Si l’on ajoute à cela sa conception en open source (la liberté d’utilisation et de modification du logiciel pour les utilisateurs), IanniX reflète parfaitement la philosophie de son inventeur : décloisonner, ouvrir les espaces de créativité pour le plus grand nombre. Il semblerait que cela porte ses fruits puisque le logiciel compte quelques 96 000 utilisateurs de par le monde. Il est aujourd’hui développé par son compère Guillaume Jacquemin rencontré à la période de La Kitchen, co-fondateur du studio de design interactif Buzzing Light.
Thierry Coduys poursuit aujourd’hui sa conquête de l’espace des arts sonores et numériques. Il a laissé de côté ses recherches sur les capteurs, sur la résonance du geste ou l’instrument augmenté. Il se questionne sur la pauvreté des offres des constructeurs en termes d’interfaces de contrôle, toujours insatisfaisantes. Il se dit qu’il y aurait quelque chose à chercher du côté des interfaces haptiques (à retour d’efforts) ou du brain machine interface, contrôle par la pensée.
Actuellement, il se consacre surtout à l’essor des systèmes de diffusion sonore immersifs. Le son immersif est pour lui la nouvelle révolution, un vrai bol d’air des possibles offerts aux artistes et techniciens qui, espère-t-il, sauront s’en saisir.
Il contribue aujourd’hui au développement du processeur de son spatial Holophonix piloté par le constructeur Amadeus.
Qu’est-ce qui aujourd’hui, après toutes ces expériences et ces collaborations, vous inspire, vous motive, vous donne envie de vous mettre au travail ?

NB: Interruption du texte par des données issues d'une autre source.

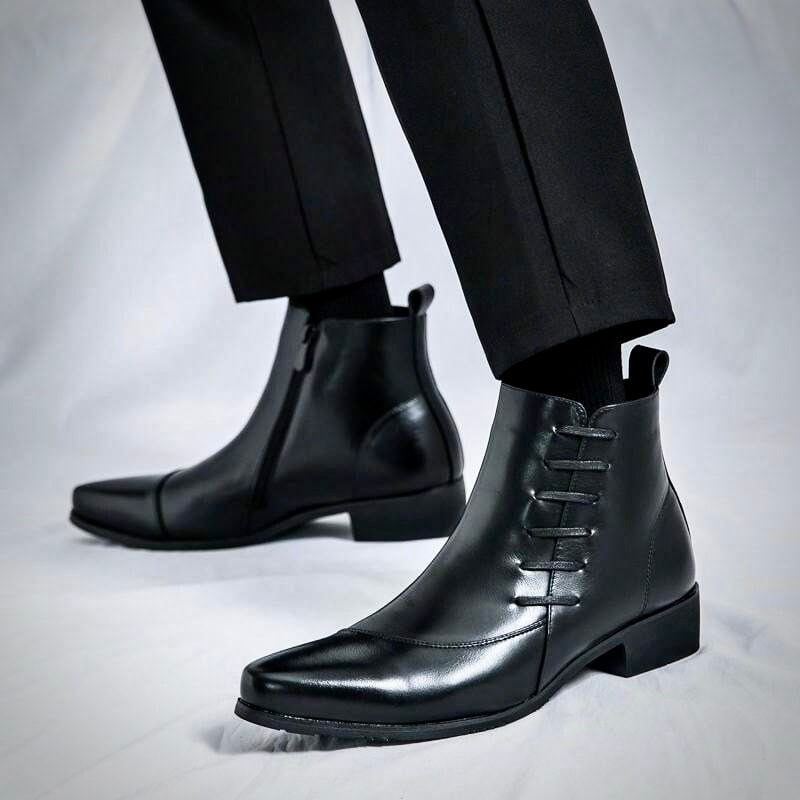Durable and refined men's formal dress boots, designed for a classic, sophisticated, and polished style.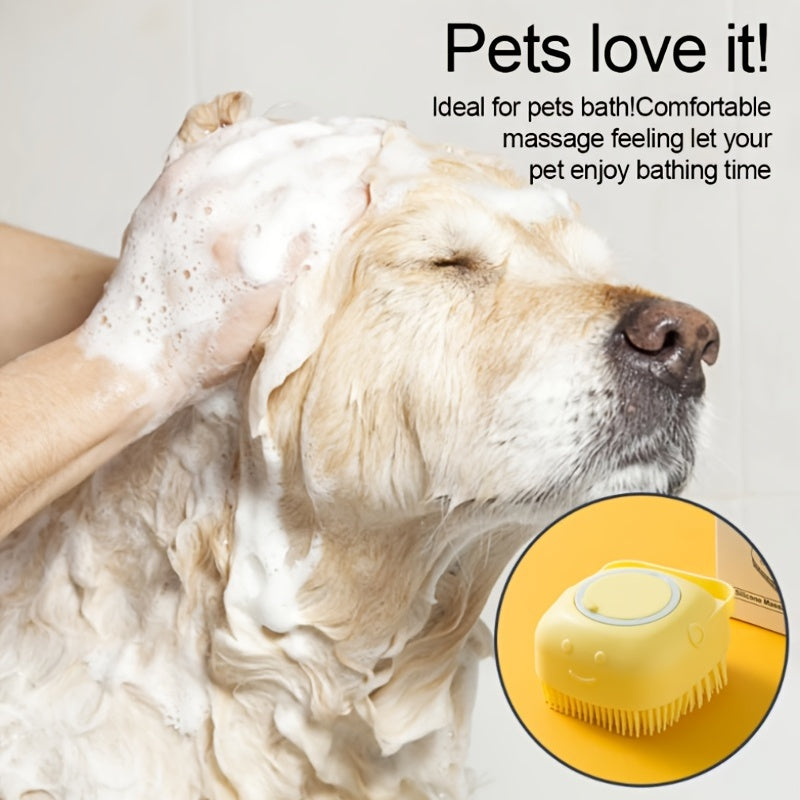 Soft Pet Bath Brush – Gentle Cleaning & Massage Tool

Thierry Coduys : Tout ce qui est impossible. Dès que cela devient inconcevable, c’est fascinant. Tout ce qui me paraît impossible est source d’émerveillement. Les gens qui m’apportent ces questionnements sont souvent des plasticiens, des artistes qui viennent des beaux-arts, des arts déco, de la performance, peu du théâtre ou de la danse finalement. Il y a encore pas mal de sentiers à tracer mais nous sommes aujourd’hui dans une période un peu stagnante.
Allons encore plus loin, ouvrons toutes les portes possibles. Si nous ne résolvons pas les problèmes rencontrés ce n’est pas grave. Les générations futures verront que nous y avons réfléchi et s’accrocheront sur cette réflexion pour peut-être résoudre l’équation. Il faut laisser des traces pour les suivants. Je suis de plus en plus rattaché à des choses impossibles. J’échoue quasiment tout le temps, mais ce n’est pas grave.